Comment un type drôle, acteur doué, plutôt à gauche, qui se voulait « rempart » contre le Front National, a-t-il pu devenir un polémiste antisémite, haineux, proche de l’extrême-droite et escroc? Ce livre retrace ce parcours.

L’auteur, le médecin et philosophe François Bernier, se propose à cette occasion de rompre avec la logique géographique qui prévalait jusqu’alors dans l’appréhension des groupes humains. Il avance l’idée que les hommes puissent être classés selon leurs caractéristiques physiques, en distinguant  quatre ou cinq races humaines . Cela lui fait donc perdre la position privilégiée que lui attribuait la Genèse. La proposition de Bernier, qui indique un changement d’attitude profond, passe en son temps relativement inaperçue. Il en va tout autrement des systèmes proposés au siècle suivant par Buffon et Carl von Linné, tous deux naturalistes respectés de la Faculté et de leurs pairs. Cham dans la Bible étant selon lui le produit d’une dégénérescence partielle due à l’éloignement de la zone climatique tempérée. Johann Friedrich Blumenbach ou le philosophe Emmanuel Kant.

Hervé Le Bras s’est intéressé aux modalités du racialisme et de la raciologie lors de ses travaux sur l’idéologie démographique. La thèse de l’inégalité raciale est remise en cause dès 1885 au nom de critères scientifiques également avec le livre De l’égalité des races humaines de Joseph Anténor Firmin, qui expose les sophismes de publications racistes se présentant comme scientifiques. Les nouvelles exigences de scientificité poussent les savants à s’appuyer sur une multitude de  critères  quantifiables, à défaut d’être significatifs. De nouvelles disciplines font leur apparition, se fixant l’étude de l’être humain, de ses origines et de sa classification. Les sciences biologiques s’octroient à cette occasion un rôle prescripteur de la définition de l’être humain et des déterminants de son comportement social. Les critères initialement retenus par les premiers naturalistes pour distinguer l’homme du reste du monde animal se voient appliqués aux groupes humains, dans une perspective de hiérarchie. Les recherches internationales aboutissent à une multitude de taxonomies.

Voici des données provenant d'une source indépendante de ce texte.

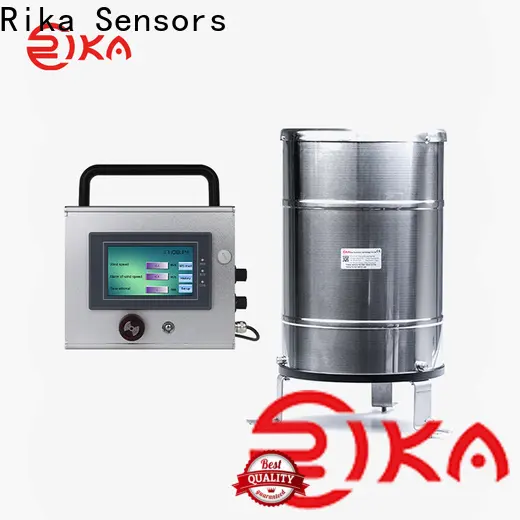 Rika Sensors what is the unit of measurement for a rain gauge for sale for hydrometeorological monitoring 1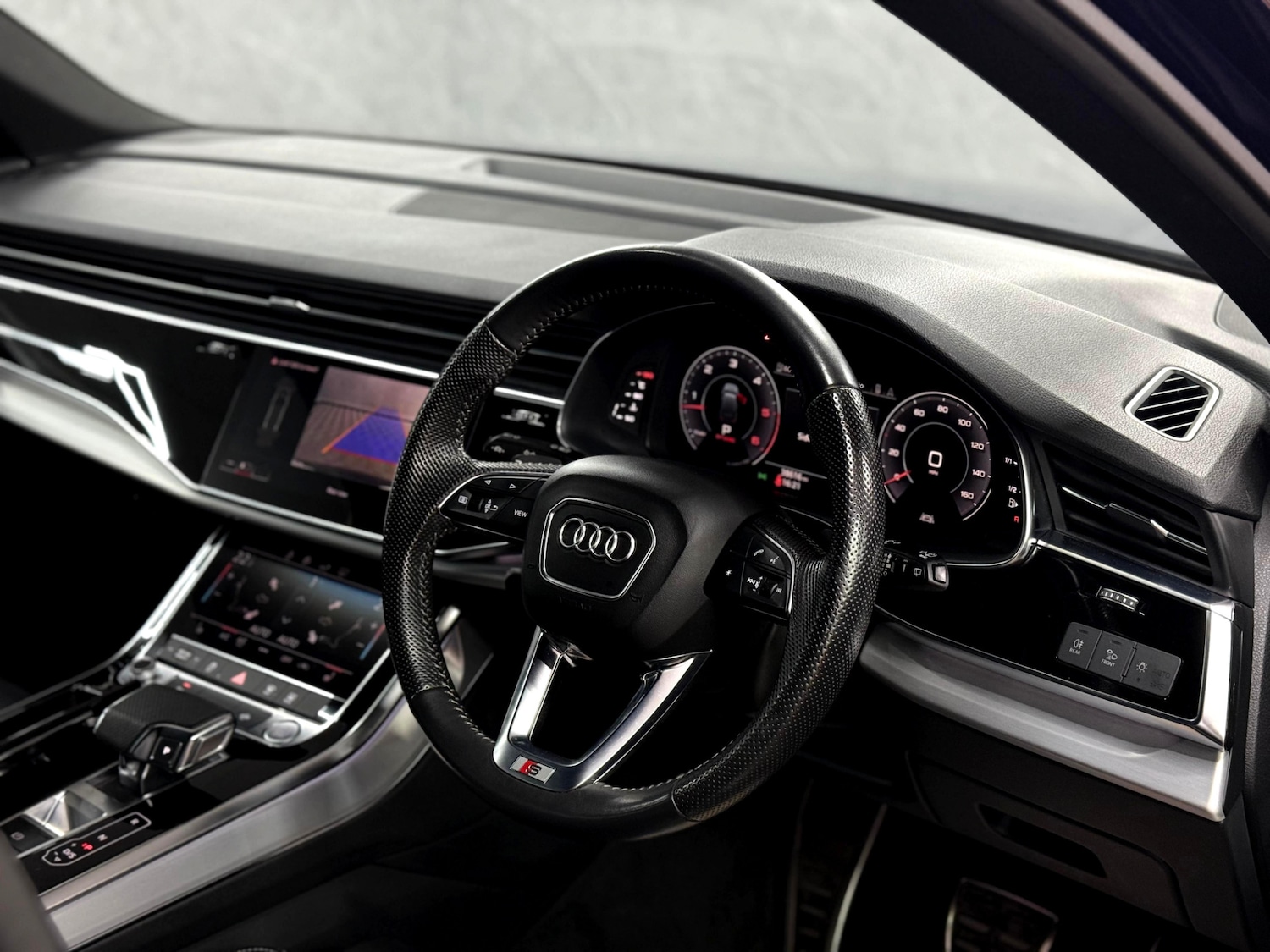 Used Audi Q7 2020 for sale - 76671033: Photo 9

Choix surprenant, car en toute rigueur les Caucasiens sont les habitants du Caucase. La race blanche, la plus parfaite des races humaines, habite surtout l’Europe, l’ouest de l’Asie, le nord de l’Afrique, et l’Amérique. Elle se reconnaît à sa tête ovale, à une bouche peu fendue, à des lèvres peu épaisses. La race jaune occupe principalement l’Asie orientale, la Chine et le Japon : visage plat, pommettes saillantes, nez aplati, paupières bridées, yeux en amandes, peu de cheveux et peu de barbe. Le Tour de la France par deux enfants, G. La terminologie de ses descriptions peut laisser supposer un jugement de valeur. Le monogénisme suppose l’humanité issue d’un ancêtre unique et fait donc du milieu la cause principale de la différenciation.